TASK BRIEF
Copy the records below exactly, but leave out any picture they contain.

** PROVIDED MATERIAL follows **

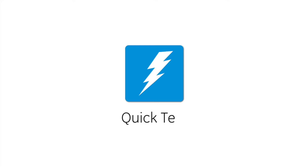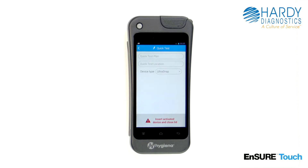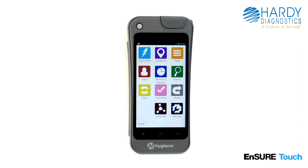Welcome to Hygiena's instructional video on running a quick test on the Ensure Touch. Quick test is perfect for testing on the fly outside of normal testing plans. We recommend filling out all the fields so that you can track the plan and location name of the test. However, this is optional. Let's get started.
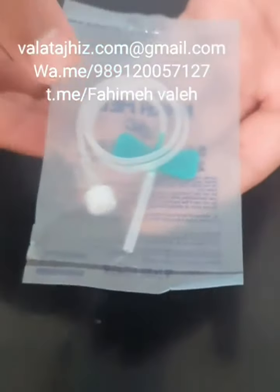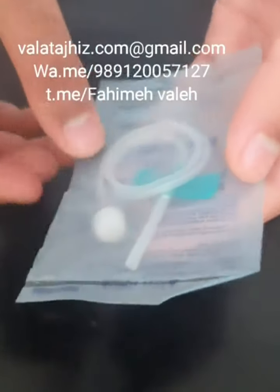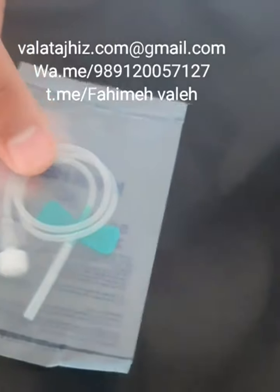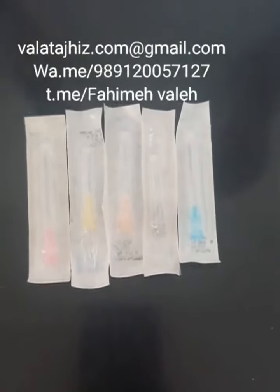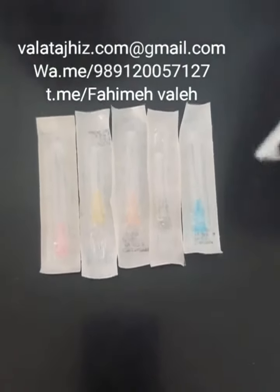This is a scalp vein set. These are sold in different colors — like this one is green. You can buy it in yellow or blue. And these are hypodermic needles, also sold in different sizes and colors like yellow or blue.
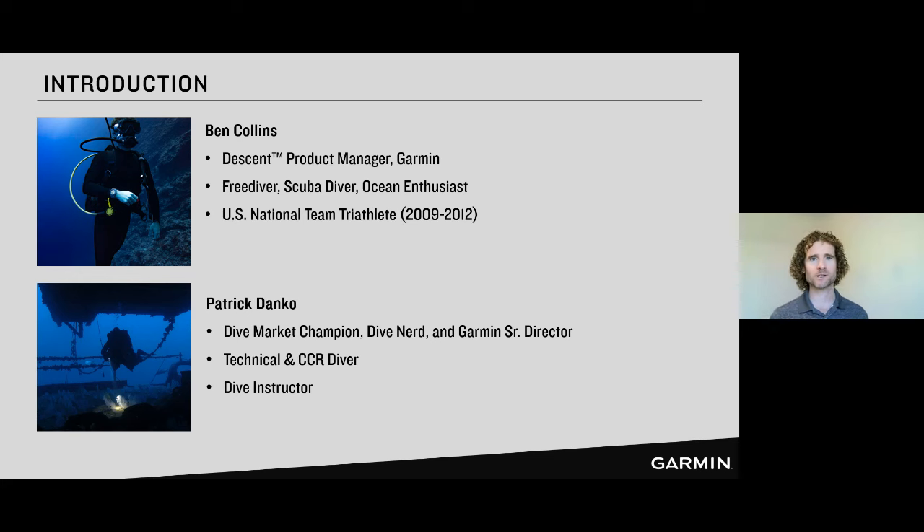When I'm not in the water, when I'm out on the land, I am an avid triathlete — formerly competitive. And I'm joined here today with Patrick Danko. Patrick is what we call a dive nerd. He is responsible for bringing dive to Garmin, or bringing Garmin to dive. He's a technical diver, a CCR diver, a dive instructor. Is there anything you don't do? There's very little that I don't aspire to do. I'm always learning, always a student of dive.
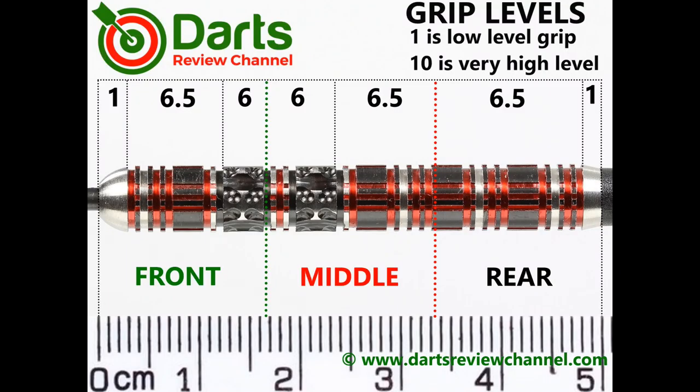There's some edginess to the tartan grip and I think it's just down to the thin rings and cuts — maybe just a little bit more grippy than the Rebellion grip section. I'd rate it 6.5 at most, but some people may find it a touch grippier.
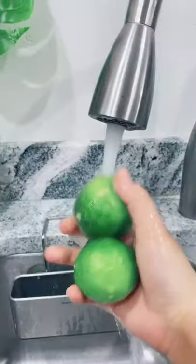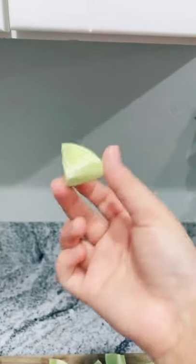Grab some limes. Wash them. You're going to need about eight of them. Cut the lime into pieces that look like this.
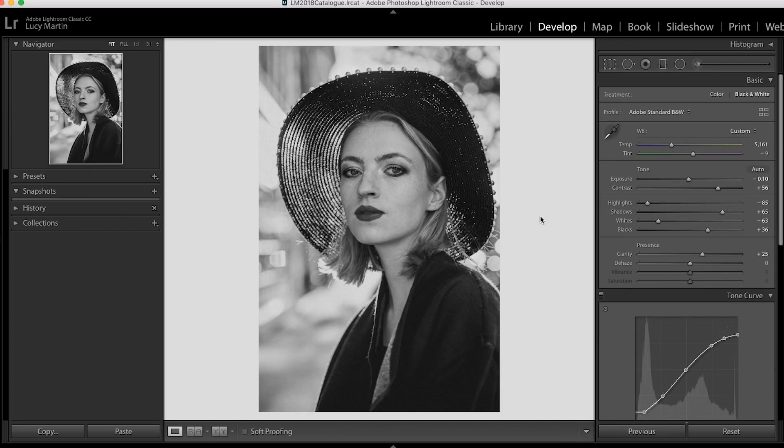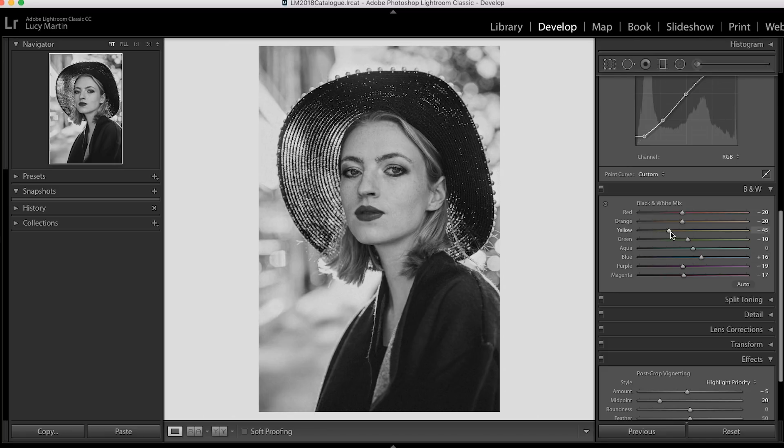I'm really happy with where this is at — it has that nice filmic quality to it all. Obviously I could keep going, and there are so many little tweaks along the way. The big thing you'll notice with my editing style is I'm always jumping around — going back to the tone curve, back to the basic panel, back to the HSL. Your editing workflow is always about finessing little elements. At a certain point, you have to stop and say you're happy with where it's at.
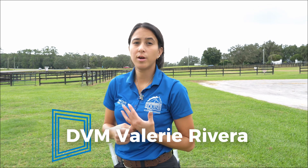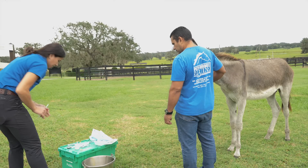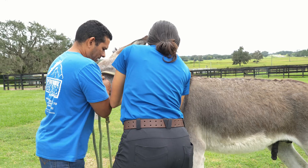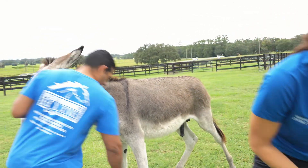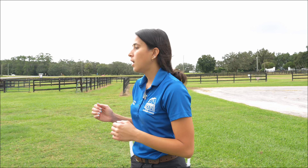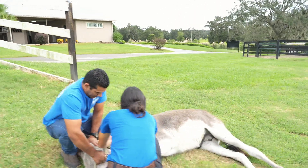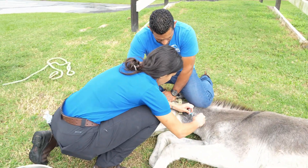We just pre-medicated and did some induction for general anesthesia. We're doing a field castration today. Once we do the pre-medication and induction, as you can see Damon is holding the head up. By holding the head up, the patient is balancing himself slowly and going slowly downward, and after that the patient is going to be on the floor and we're going to do the field castration calmly.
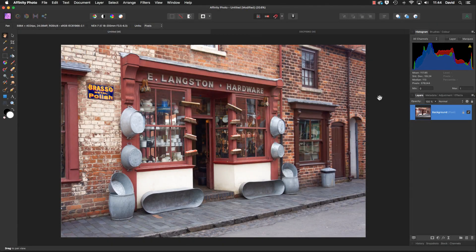Hello, my name's David and in this video we're going to have a look at a filter which has got a bit of a surprise with it, and that surprise is it can produce a rather nice embossed painterly effect. Let's have a look at that filter.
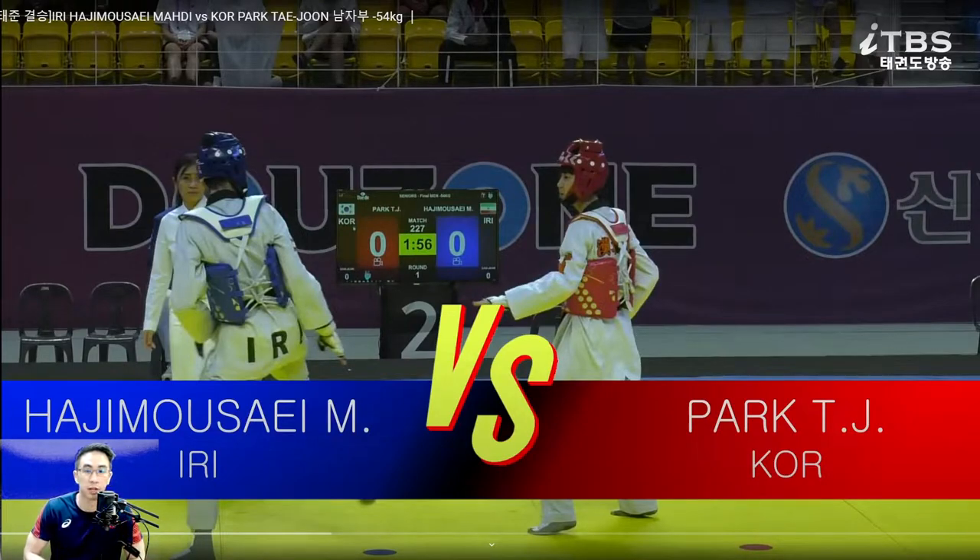Hey guys, this is Coach Chris. Welcome to my channel where we break down international level fights — strategies and tactics that you can use in your own matches. Here we have Park TJ from Korea against Hajjum Moussei from Iran. I was told to watch Park TJ as a request by you guys, so this is actually my first time watching this guy.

** End of PROVIDED MATERIAL **

COMPLETED TASK
Welcome to Hygiena's instructional video on running a quick test on the Ensure Touch. Quick test is perfect for testing on the fly outside of normal testing plans. We recommend filling out all the fields so that you can track the plan and location name of the test. However, this is optional. Let's get started.
This is a scalp vein set. These are sold in different colors — like this one is green. You can buy it in yellow or blue. And these are hypodermic needles, also sold in different sizes and colors like yellow or blue.
When I'm not in the water, when I'm out on the land, I am an avid triathlete — formerly competitive. And I'm joined here today with Patrick Danko. Patrick is what we call a dive nerd. He is responsible for bringing dive to Garmin, or bringing Garmin to dive. He's a technical diver, a CCR diver, a dive instructor. Is there anything you don't do? There's very little that I don't aspire to do. I'm always learning, always a student of dive.
There's some edginess to the tartan grip and I think it's just down to the thin rings and cuts — maybe just a little bit more grippy than the Rebellion grip section. I'd rate it 6.5 at most, but some people may find it a touch grippier.
Grab some limes. Wash them. You're going to need about eight of them. Cut the lime into pieces that look like this.
I'm really happy with where this is at — it has that nice filmic quality to it all. Obviously I could keep going, and there are so many little tweaks along the way. The big thing you'll notice with my editing style is I'm always jumping around — going back to the tone curve, back to the basic panel, back to the HSL. Your editing workflow is always about finessing little elements. At a certain point, you have to stop and say you're happy with where it's at.
We just pre-medicated and did some induction for general anesthesia. We're doing a field castration today. Once we do the pre-medication and induction, as you can see Damon is holding the head up. By holding the head up, the patient is balancing himself slowly and going slowly downward, and after that the patient is going to be on the floor and we're going to do the field castration calmly.
Hello, my name's David and in this video we're going to have a look at a filter which has got a bit of a surprise with it, and that surprise is it can produce a rather nice embossed painterly effect. Let's have a look at that filter.
Hey guys, this is Coach Chris. Welcome to my channel where we break down international level fights — strategies and tactics that you can use in your own matches. Here we have Park TJ from Korea against Hajjum Moussei from Iran. I was told to watch Park TJ as a request by you guys, so this is actually my first time watching this guy.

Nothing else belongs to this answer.